COME OUT AND PLAY:
A little imagination, a crowded rainbow of colors, and a bucketful of wink-wink. Sex toy design is finally hitting its stride.
What makes toys fun? It’s a cagey thing to define, actually. Toys aren’t about work, that’s for sure. Toys never help you brighten your whites or do your taxes or heal your bunions. You can’t rush or focus their use for efficiency. It’s not just about piling on ‘fun’ details, either; toys freighted with too many bells-and-whistles seem somehow crass. (Think of Junior rolling gleefully in the wrapping paper, while the latest whirligig lies in a corner, beeping mournfully.) Oddly, the best toys are just simple, oddly incomplete lumps—until you hook them to your imagination, relax, and contemplate all the neat uses they suggest for themselves.
Toys make the mind strobe with fresh ideas.

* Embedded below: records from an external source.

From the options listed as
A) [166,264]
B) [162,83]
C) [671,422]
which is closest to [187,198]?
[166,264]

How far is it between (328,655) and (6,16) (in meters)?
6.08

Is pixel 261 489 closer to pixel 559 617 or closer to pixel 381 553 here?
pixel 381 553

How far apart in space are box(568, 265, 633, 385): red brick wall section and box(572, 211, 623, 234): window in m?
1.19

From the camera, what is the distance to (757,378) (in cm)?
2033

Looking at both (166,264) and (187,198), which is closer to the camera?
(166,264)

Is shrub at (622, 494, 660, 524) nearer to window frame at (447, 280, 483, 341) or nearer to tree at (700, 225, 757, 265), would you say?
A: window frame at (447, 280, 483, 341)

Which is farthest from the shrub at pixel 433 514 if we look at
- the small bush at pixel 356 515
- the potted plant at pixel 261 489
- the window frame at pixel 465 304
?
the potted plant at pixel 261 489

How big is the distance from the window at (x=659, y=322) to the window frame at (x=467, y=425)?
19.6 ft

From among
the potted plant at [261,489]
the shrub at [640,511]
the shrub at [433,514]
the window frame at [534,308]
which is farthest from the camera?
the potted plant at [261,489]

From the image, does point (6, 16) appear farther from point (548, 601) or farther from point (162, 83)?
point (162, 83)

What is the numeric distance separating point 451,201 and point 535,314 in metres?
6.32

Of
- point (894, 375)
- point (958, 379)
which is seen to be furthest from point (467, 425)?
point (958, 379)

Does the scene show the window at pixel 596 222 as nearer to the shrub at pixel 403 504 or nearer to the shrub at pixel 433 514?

Toys make kids feel magical and unusual and gorgeous. Increasingly, grownups are starting to realize sex toys are no different.
Yes, Virginia, sex toys are nudging into the mainstream. You’ll run out of fingers counting up all the vibrators in the media recently: Sex in the City , Will and Grace, Ally McBeal, even an IKEA ad (a toddler discovers a bouncing vibrator in a cluttered bedroom: time for better storage options). All this exposure is only announcing a quietly populist trend that began years ago. A 1996 national survey of 7,700 adults found a full 10 percent of those surveyed used a sex toy in partner sex. Women are discreetly buying sex toys at Tupperware-like home parties in Pennsylvania, Texas, Louisiana, and Washington. As sex toys emerge from their former smut-cloud, their design has lightened up, too. Saturated in colors, suggestive without being crude, leanly abstracted in form, the new generation of sex toys beg to be touched and collected—even flaunted. I spoke with sex toy retailers and manufacturers about this new design sweet spot.
1. WE LADIES GO SHOPPING
Toys in Babeland is awash in color. Its store in New York City’s Soho consists of an invitingly wide space with orange walls and display cases in a juicy pomegranate red. Lying in beds of plastic grass are all kinds of vibrators and attachments, daisies winking out between them. Store co-founder Claire Cavanah hands me one that resembles a 1950s-era curling iron: a wide handle with a tennis-ball-shaped attachment. “This is the Hitachi Magic Wand,” she says in a tone that suggests a minor legend. “This is an example of long-term endurance [in] toy design. Pretty simple: it has two settings, high and low, but it’s actually meant for large-muscle back massage. It’s made by Hitachi; they’re not in the sex toy industry,” she laughs. “They make satellites and earth-moving equipment and televisions. Here’s an example of recontextualizing an appliance, basically. In here—and privately in homes all around the world—it’s a sex toy.”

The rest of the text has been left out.